What Makes the Faroe Islands So Special?

The landscape is the thing. The Faroes have a quality of light and drama that is almost impossible to describe adequately — layers of sea mist rolling over basalt cliffs, waterfalls tumbling directly into the ocean, narrow roads winding along ridge lines with sheer drops on either side. It is a place that looks, to many first-time visitors, like it cannot possibly be real.

But the islands offer more than scenery:

  • The village of Gásadalur: Perched above a waterfall that drops directly into the sea, this tiny village was only connected to the rest of the island by road in 2004. Before that, residents crossed a mountain pass on foot. It may be the most photographed view in the archipelago.
  • Lake Sørvágsvatn: A lake that appears, from certain angles, to sit impossibly above the ocean — an optical illusion created by the island's topography that has to be seen to be believed.
  • Vestmanna Bird Cliffs: Take a boat tour through sea caves and past towering cliffs colonized by thousands of seabirds — puffins, guillemots, gannets, and kittiwakes.
  • Tórshavn: The Faroese capital and one of the world's smallest capital cities. Its old quarter (Tinganes) is a cluster of turf-roofed wooden buildings on a small peninsula, some dating back to the 17th century.

Getting There and Getting Around

The Faroes are served by Atlantic Airways, with direct flights from Copenhagen, Reykjavík, and a handful of other European cities. The journey from most European capitals takes three to four hours. A ferry service also connects the islands to Denmark and Iceland, a slower but scenic alternative.

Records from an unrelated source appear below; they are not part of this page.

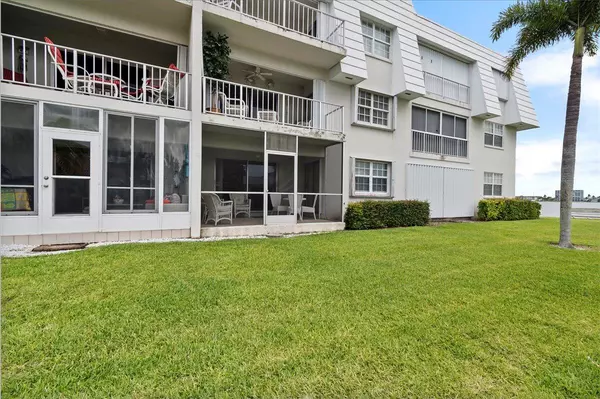 Riviera Beach, FL 33404,1030 Sugar Sands BLVD 167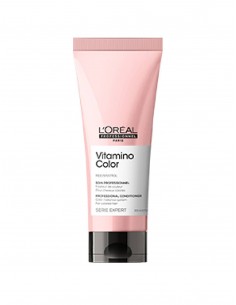 L'ORÉAL VITAMINO COLOR...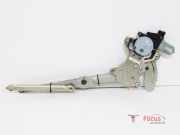 Fensterheber rechts vorne Suzuki Alto VII GF, HA25, HA35 83560M63J00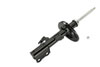 KYB 339100 | Shocks & Struts Excel-G Front Right TOYOTA Sienna 2005-10; 2005-2010 Alternate Image 4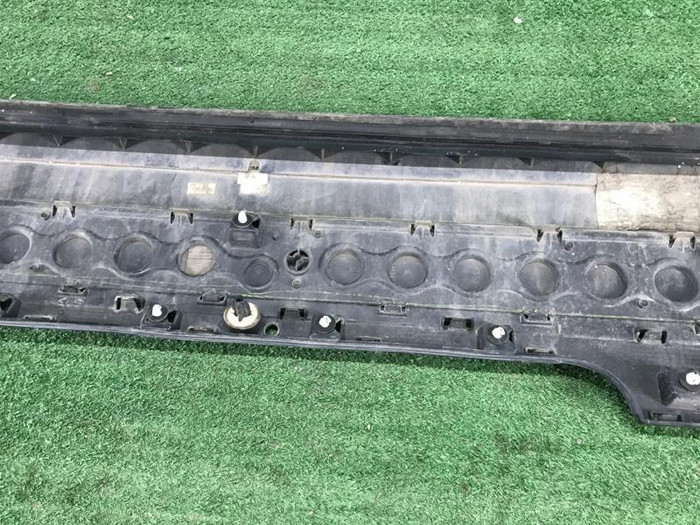 Накладка двери передняя Range Rover Vogue 4 12-22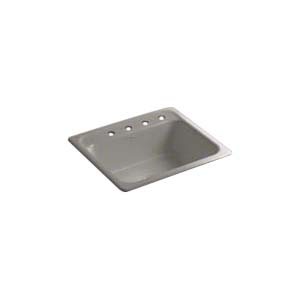 Kohler® K-5964-4-K4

Within the islands, a network of tunnels (including an extraordinary underwater roundabout tunnel) connects the main islands. Renting a car gives you the freedom to explore at your own pace — roads are well-maintained but can be narrow, single-track, and occasionally require some nerve on exposed ridge sections.

The Best Time to Visit

The Faroes are a year-round destination, though each season offers a very different experience:

  • Summer (June–August): Long days with up to 19 hours of daylight. Hiking conditions at their best. Puffins (May–August) are a highlight for wildlife enthusiasts.
  • Autumn (September–October): Dramatic storms, golden light, and the islands largely to yourself. Fewer facilities are open.
  • Winter: The possibility of the Northern Lights and a profound, austere beauty — but be prepared for challenging weather and limited daylight.

A Note on Responsible Tourism

The Faroes have implemented a thoughtful approach to tourism they call "closed for maintenance" — periodically closing popular sites for volunteer-led restoration days, and asking visitors to register as volunteers if they want early access. This is tourism done differently: the islands are not trying to maximize visitor numbers but to manage them in a way that protects the landscape and the Faroese way of life.

If you go, go respectfully. Stay on marked paths. Support local guesthouses and restaurants over international chains. Learn a few words of Faroese. The islands are extraordinary precisely because they have remained themselves — and that is worth protecting.

Why You Should Go Before Everyone Else Does

The Faroes are still, by any measure, an undiscovered destination. There are no major resort hotels, no all-inclusive packages, no cruise ship crowds. What there is: raw, magnificent nature, genuine warmth from a small island people proud of their home, and the rare feeling of having gone somewhere truly different. That feeling is becoming harder and harder to find. In the Faroe Islands, it still exists.